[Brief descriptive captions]
-----

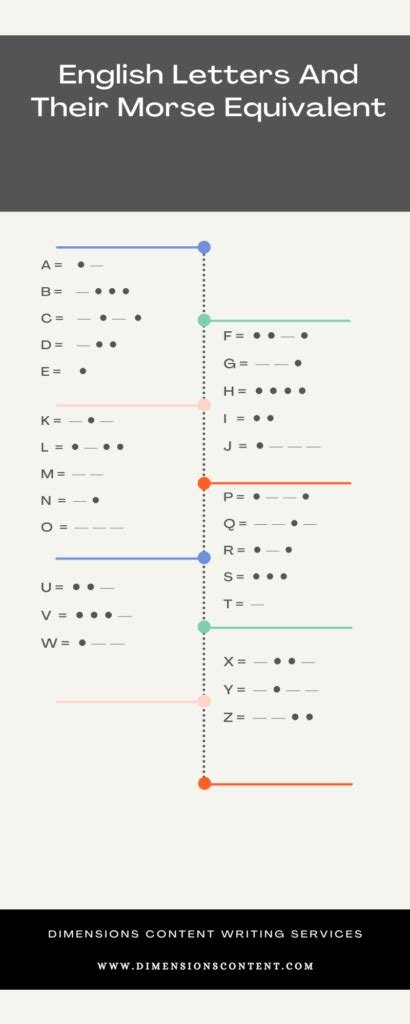 ️ How To Say I Love You In Morse Code? ️ | Medium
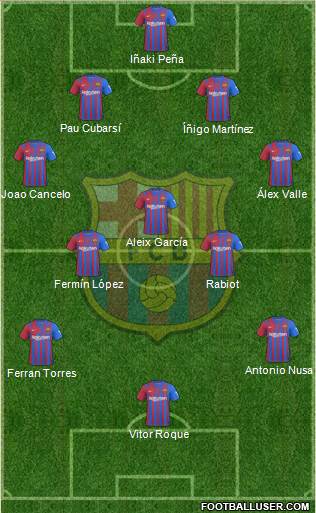 F.C. Barcelona Formation 2024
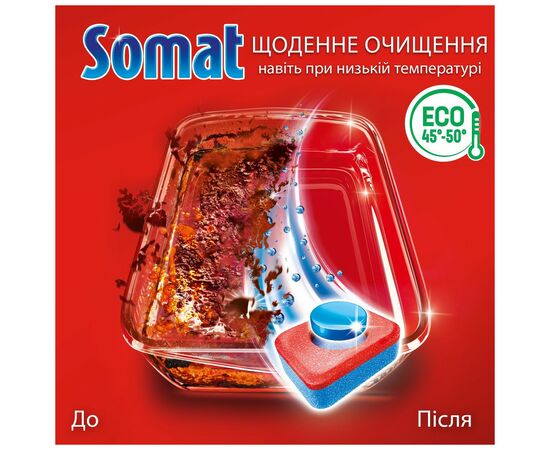 Таблетки для посудомоечных машин Somat All in 1 110 шт. (9000101577044), изображение 5 Таблетки для посудомоечных машин Somat All in 1 110 шт. (9000101577044), изображение 5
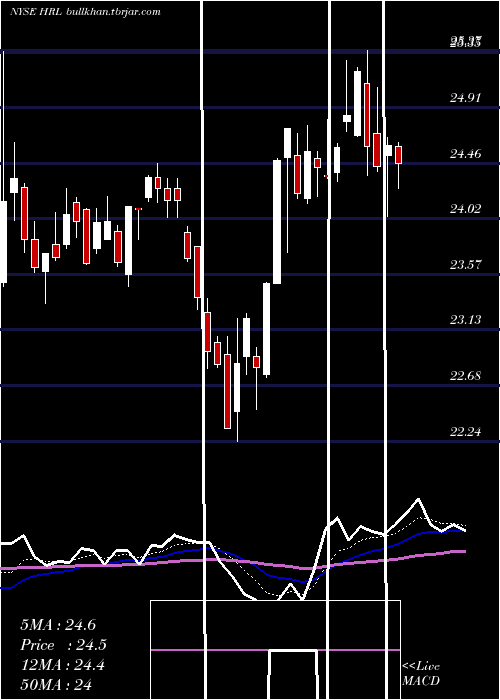  Daily chart HormelFoods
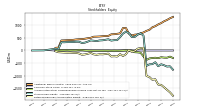 Retained Earnings Accumulated Deficit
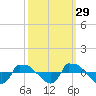 Reaves Point 0.8mi NE tide chart for Sunday, September 29, 2024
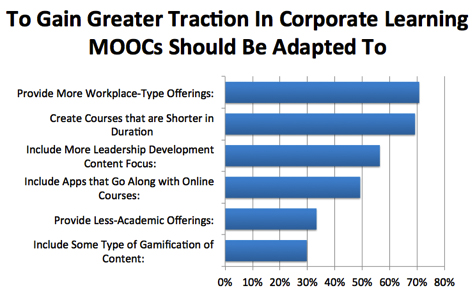 MOOCs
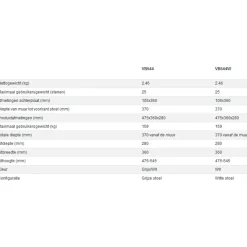 Aidapt VB544 Douchestoel Hot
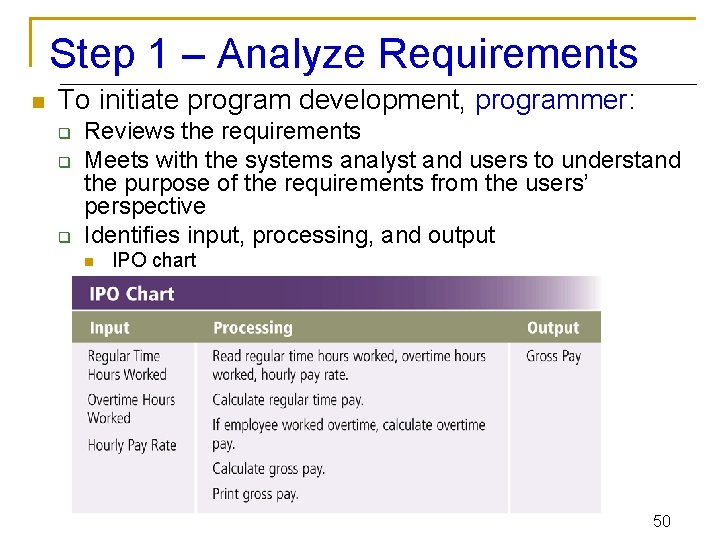 Step 1 – Analyze Requirements n To initiate program development, programmer: q q q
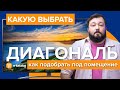 Диагональ телевизора | Как правильно подобрать диагональ телевизора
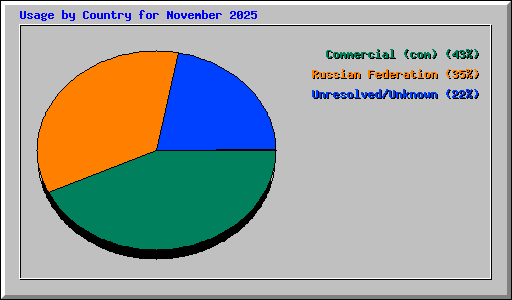 Usage by Country for November 2025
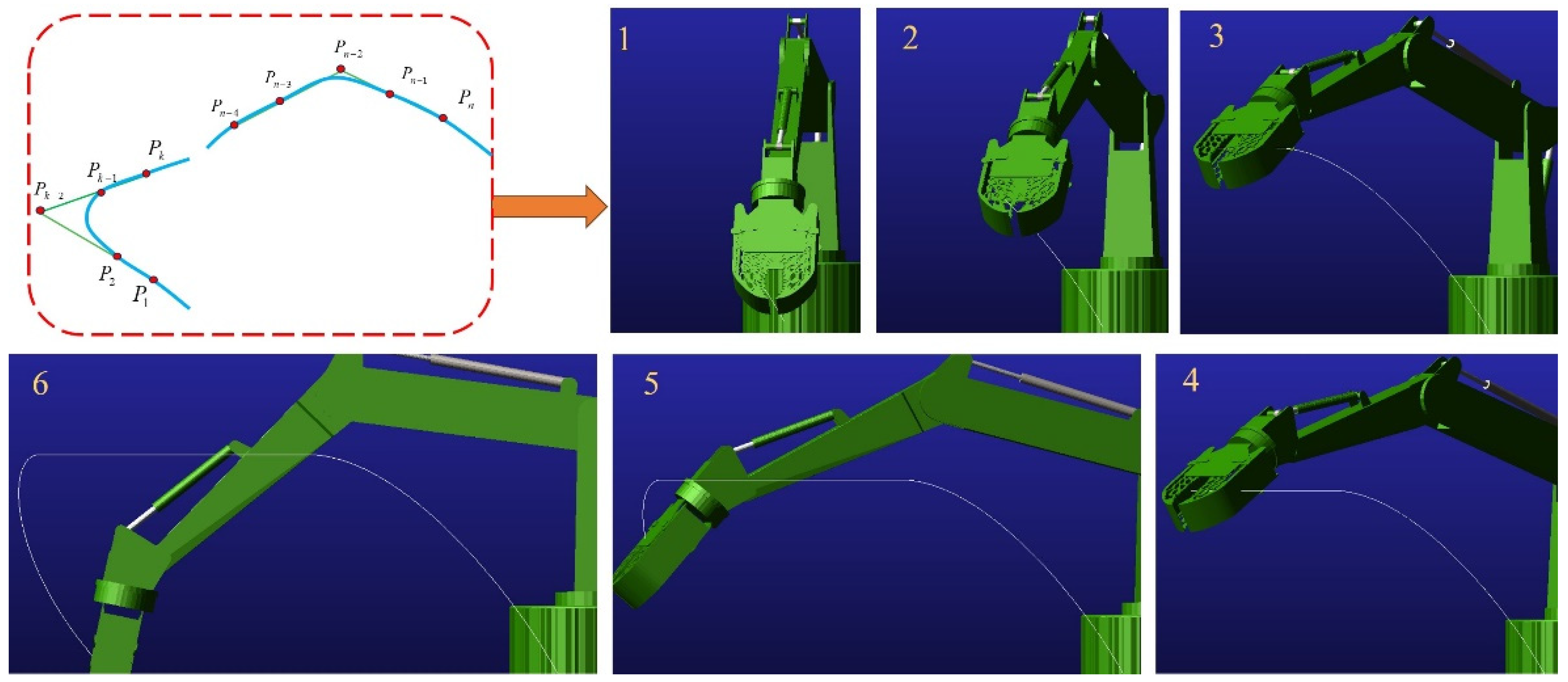 Actuators 13 00386 g006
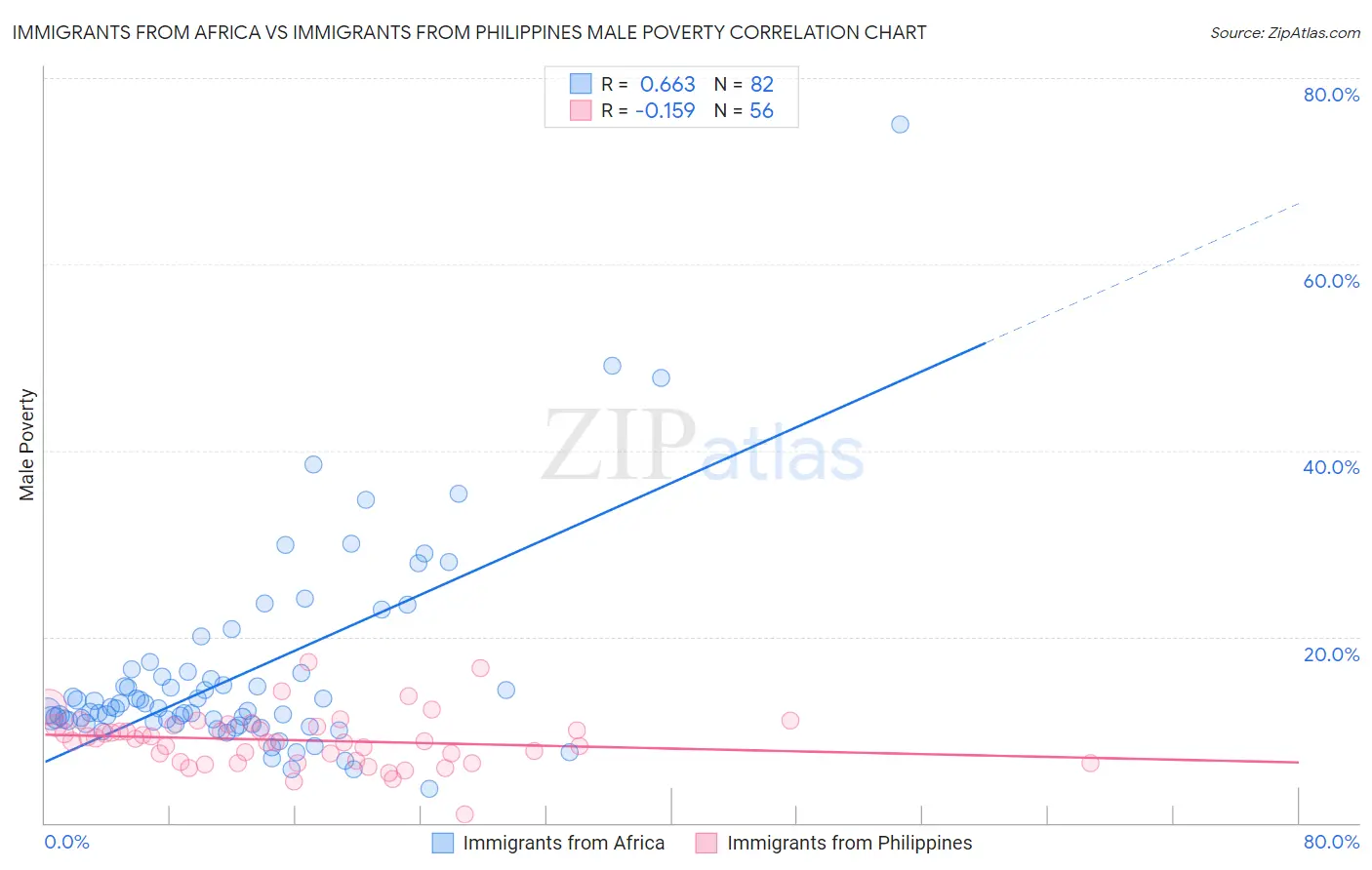 Immigrants from Africa vs Immigrants from Philippines Male Poverty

-----

* _Work to complete_
Begin with the line that contains "Step 1 – Analyze" and repeat every line through the end of the data, exactly and only those lines, leaving out the pictures.

* _Exercise result_
 Step 1 – Analyze Requirements n To initiate program development, programmer: q q q
 Диагональ телевизора | Как правильно подобрать диагональ телевизора
 Usage by Country for November 2025
 Actuators 13 00386 g006
 Immigrants from Africa vs Immigrants from Philippines Male Poverty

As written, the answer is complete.